Do not copy the pictures. Write out the lines from the start of the entries through the line containing "5th image of 11503 Smokethorn Dr".

→ RECORDS TO PROCESS
::::::::
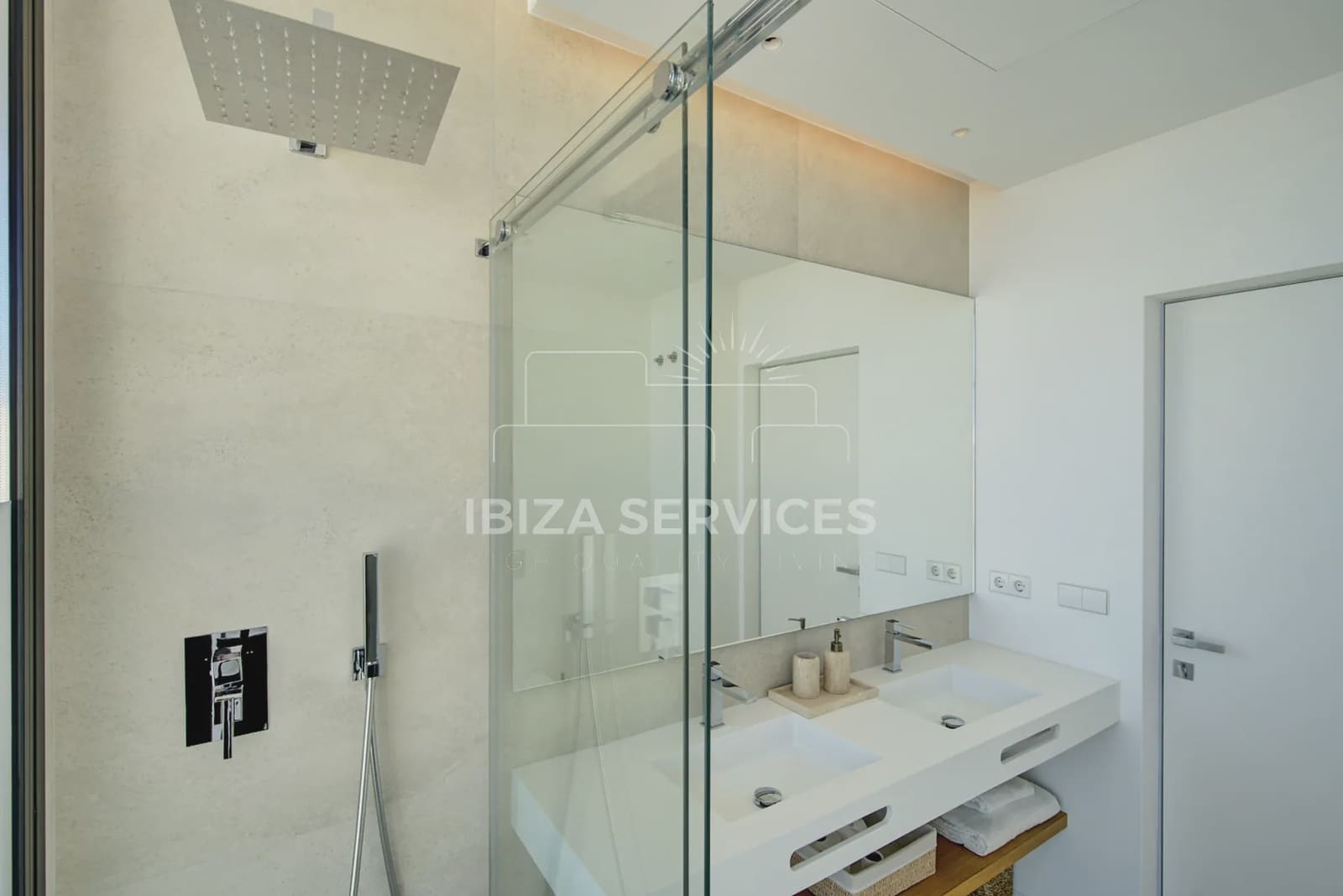 5 soveværelse Villa til leje i Talamanca med swimmingpool garage - € 17.500 (Ref: 8904757)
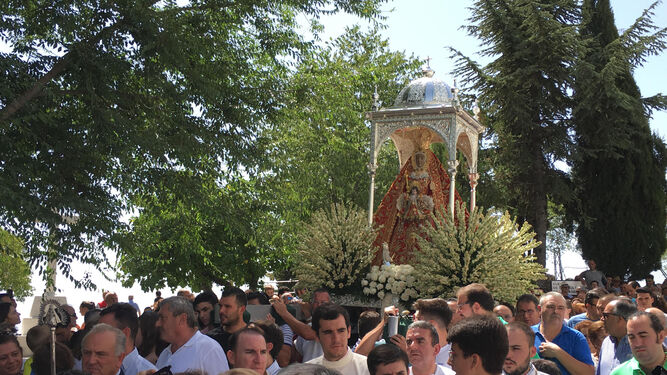 La Virgen de la Sierra, junto a su santuario.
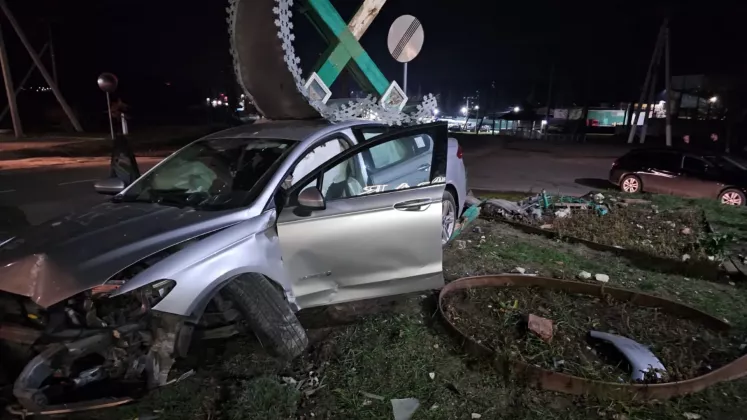 В Яловенском районе водитель влетел в крест у дороги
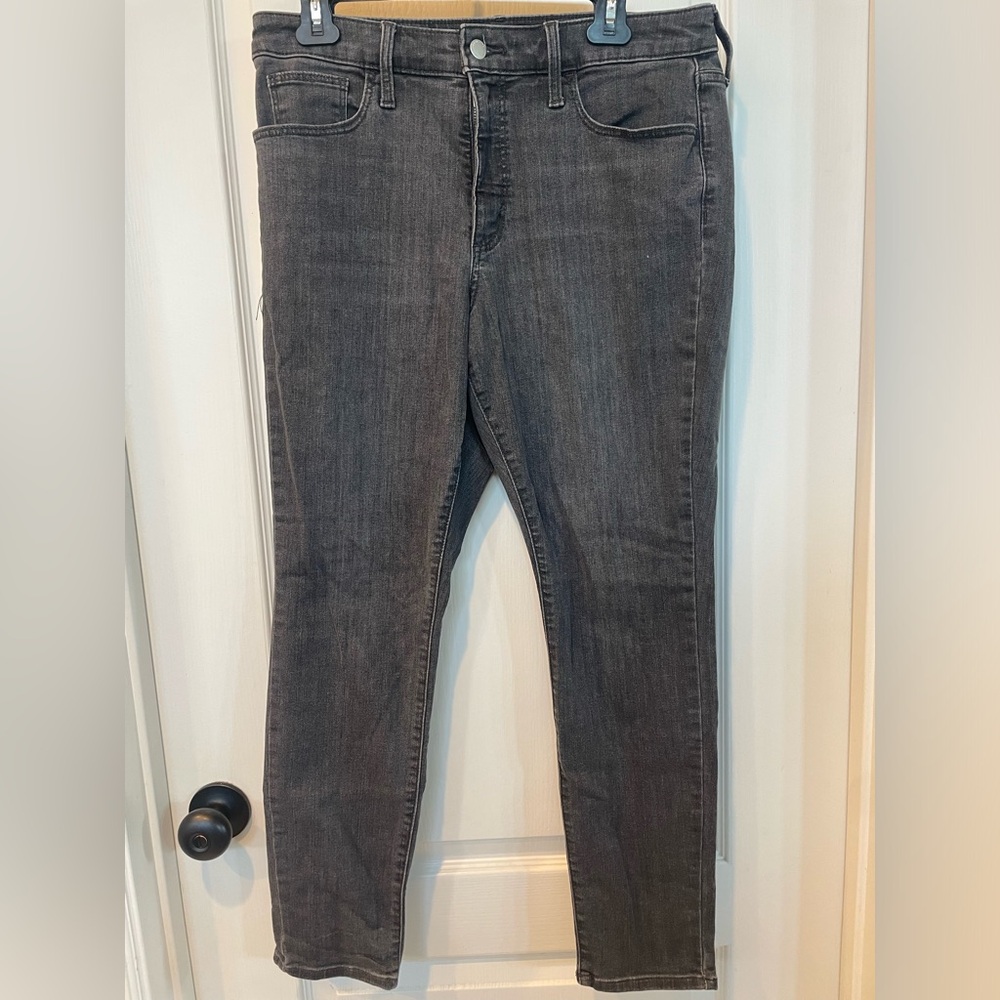 UNIVERSAL THREAD women’s high rise skinny jeans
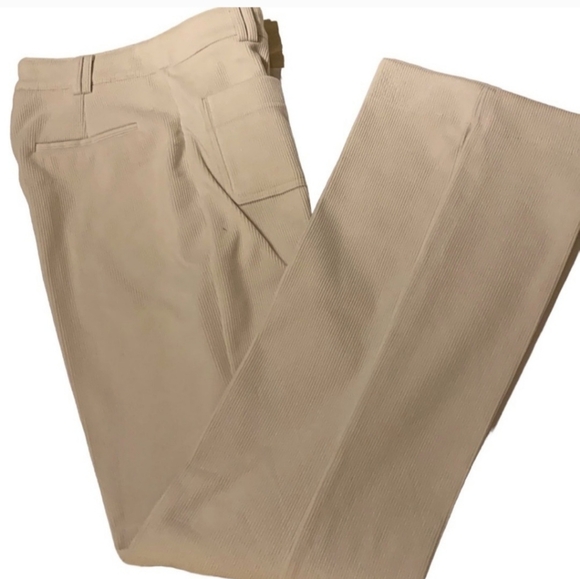 House of Harlow Wide Leg High Waist Soft Curduroy pants size 6 - Picture 5 of 16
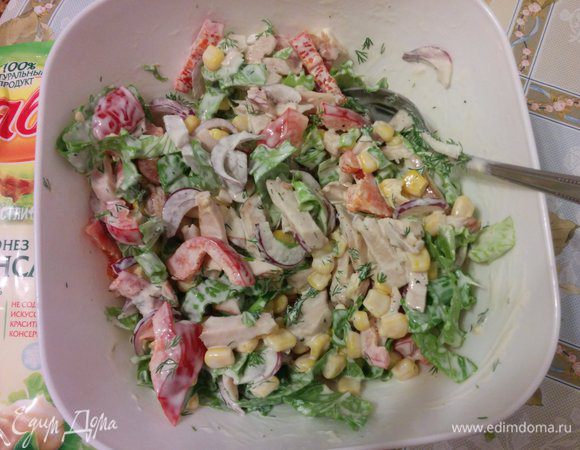 Заправить салат майонезом, добавить свежемолотый чёрный перец, соль я не добавляла, перемешать.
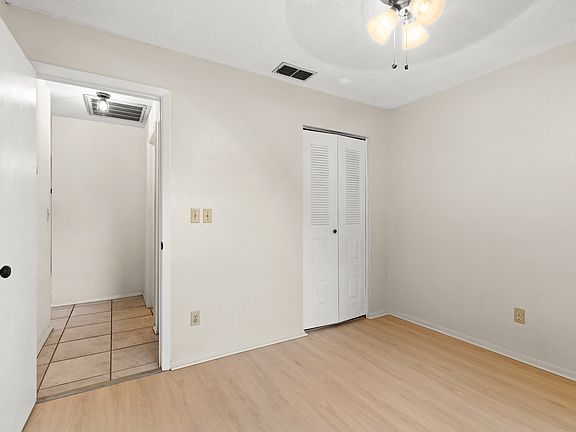 5th image of 11503 Smokethorn Dr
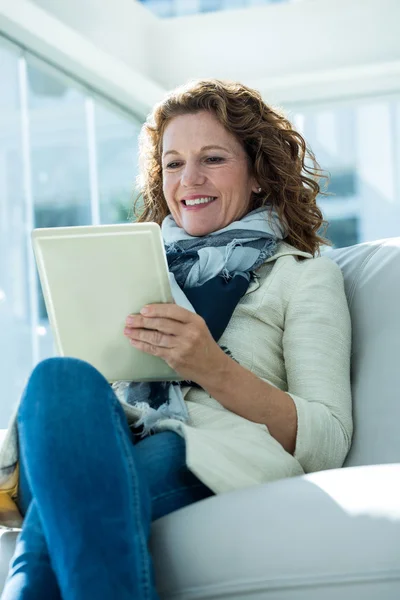Mujer usando tableta digital — Foto de Stock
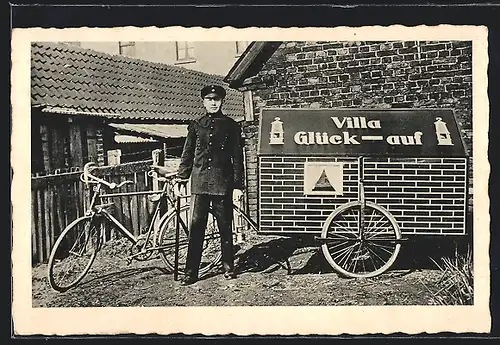 AK Bergmann mit Fahrrad-Gespann Villa Glück-auf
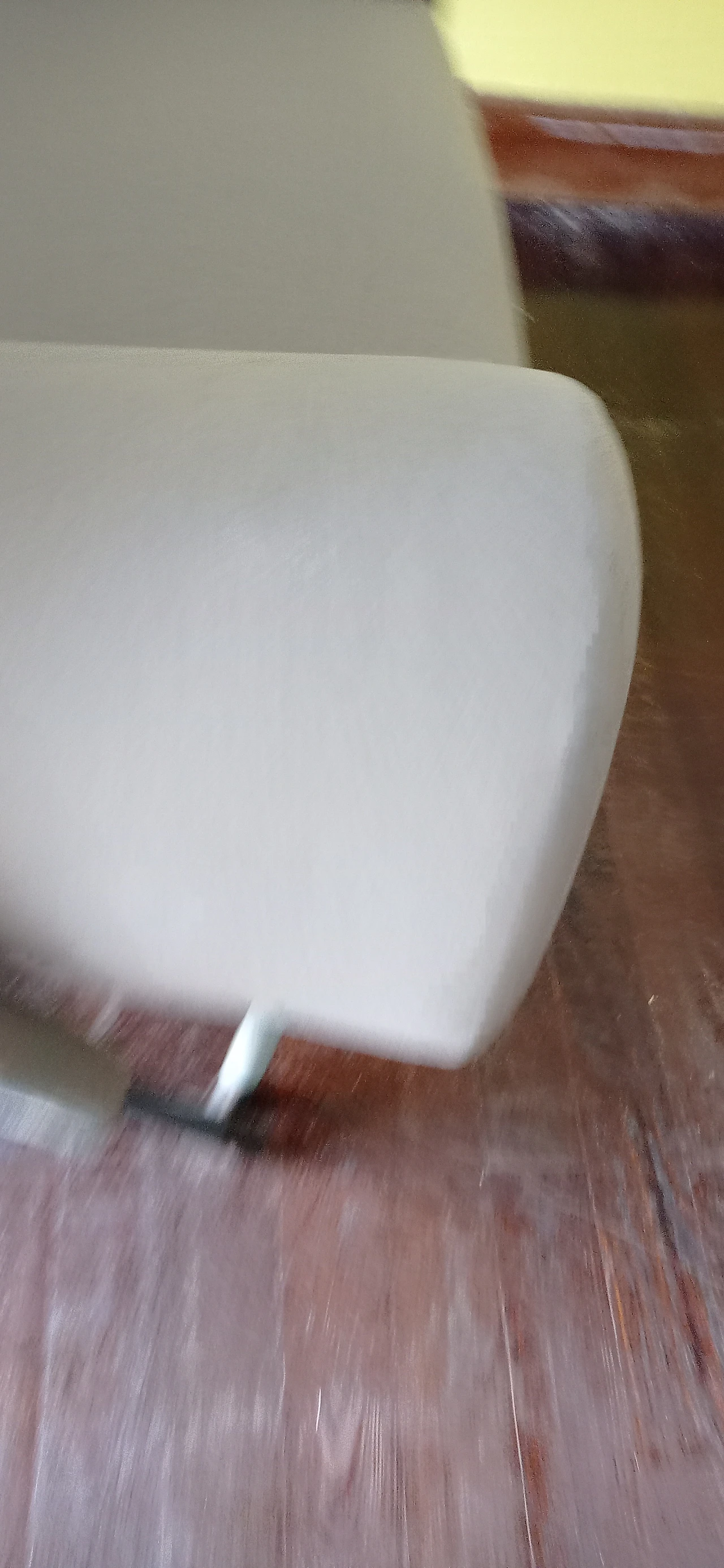 Poltrona Torsi in tessuto geometric di Paolo Deganello per Cassina 101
::::::::
→ OUTPUT OF THE EXERCISE
 5 soveværelse Villa til leje i Talamanca med swimmingpool garage - € 17.500 (Ref: 8904757)
 La Virgen de la Sierra, junto a su santuario.
 В Яловенском районе водитель влетел в крест у дороги
 UNIVERSAL THREAD women’s high rise skinny jeans
 House of Harlow Wide Leg High Waist Soft Curduroy pants size 6 - Picture 5 of 16
 Заправить салат майонезом, добавить свежемолотый чёрный перец, соль я не добавляла, перемешать.
 5th image of 11503 Smokethorn Dr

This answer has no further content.